===== Provided material =====
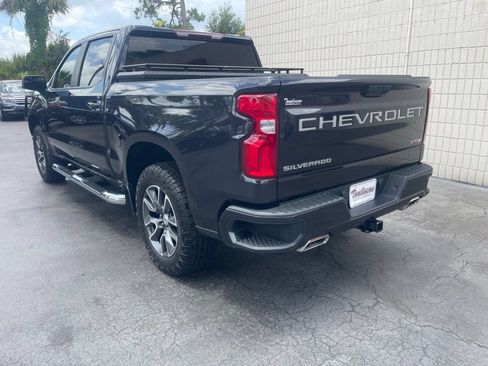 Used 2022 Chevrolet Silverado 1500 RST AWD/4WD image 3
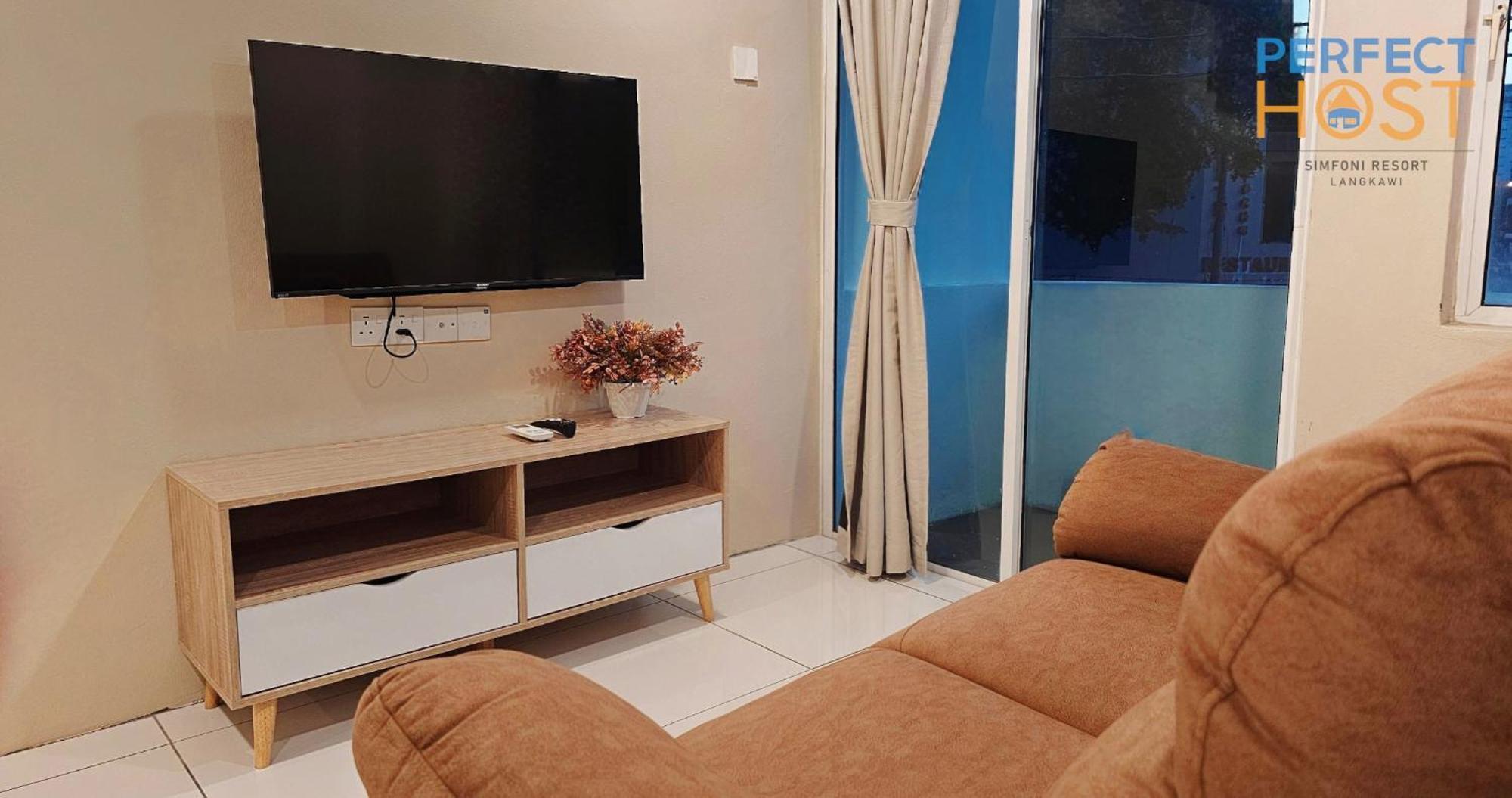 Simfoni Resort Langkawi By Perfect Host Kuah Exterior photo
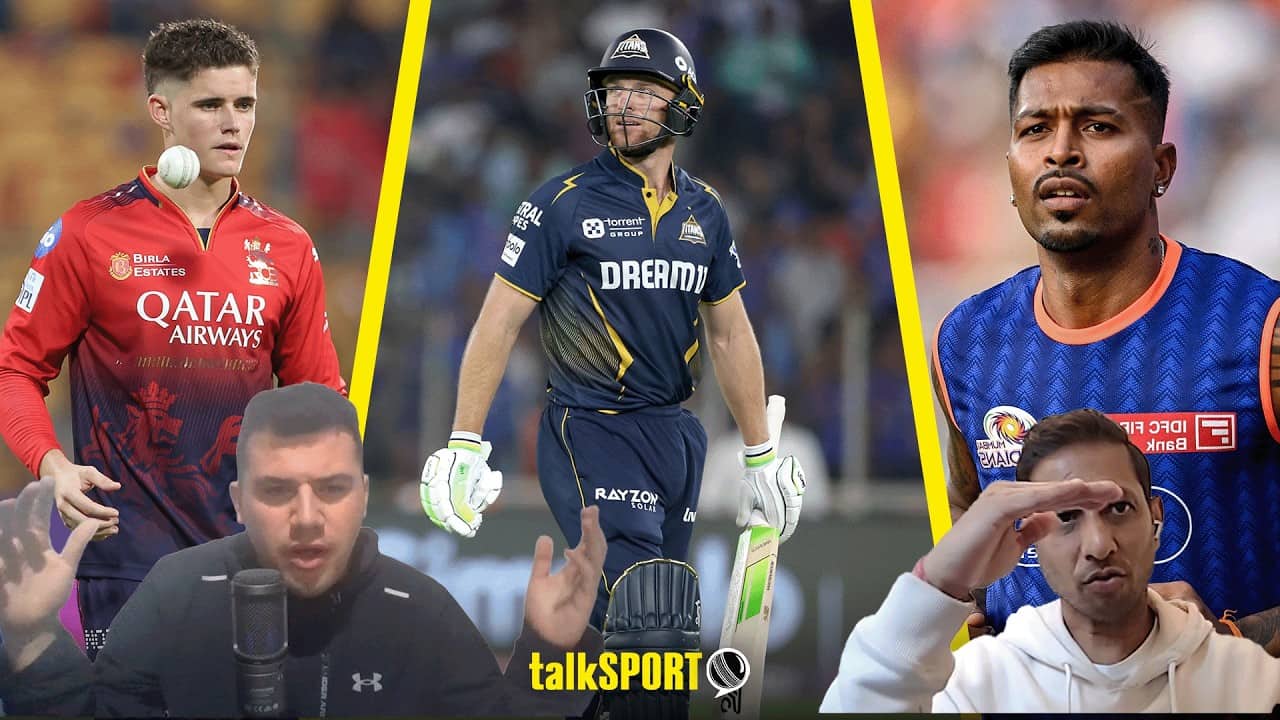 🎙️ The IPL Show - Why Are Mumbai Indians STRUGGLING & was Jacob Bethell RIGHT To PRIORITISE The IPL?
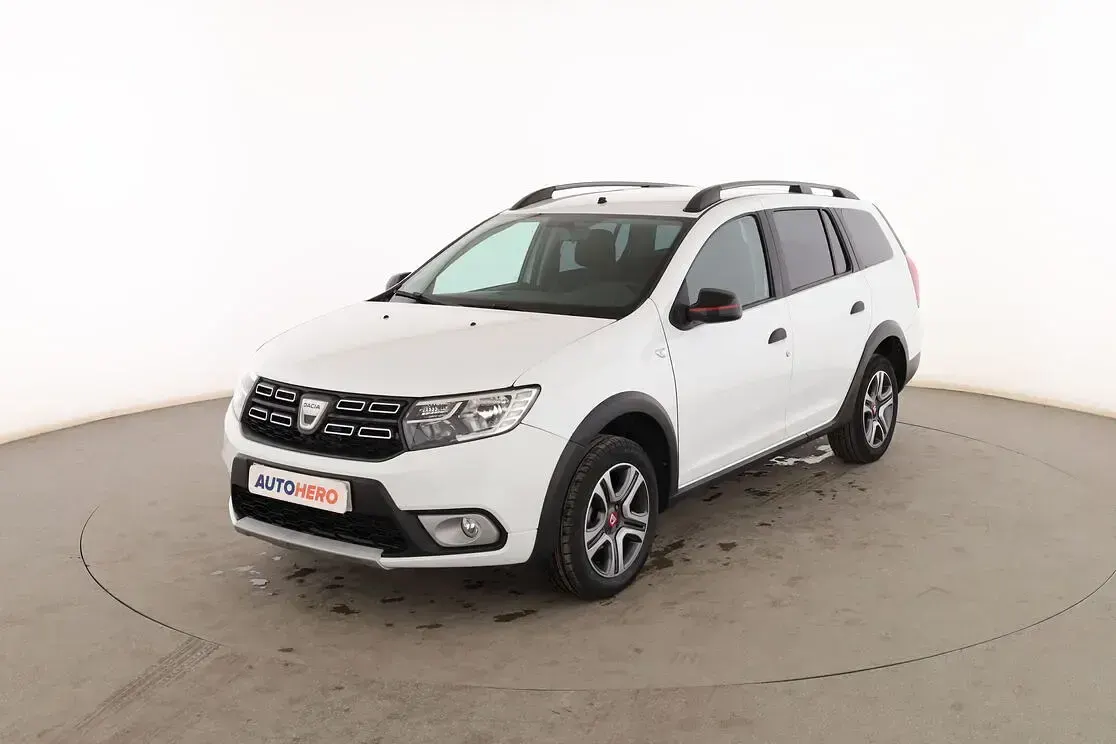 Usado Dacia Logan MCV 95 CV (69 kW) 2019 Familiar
=====
Exercise brief
Repeat the listing above exactly, omitting the pictures it contains.

Your response
 Used 2022 Chevrolet Silverado 1500 RST AWD/4WD image 3
 Simfoni Resort Langkawi By Perfect Host Kuah Exterior photo
 🎙️ The IPL Show - Why Are Mumbai Indians STRUGGLING & was Jacob Bethell RIGHT To PRIORITISE The IPL?
 Usado Dacia Logan MCV 95 CV (69 kW) 2019 Familiar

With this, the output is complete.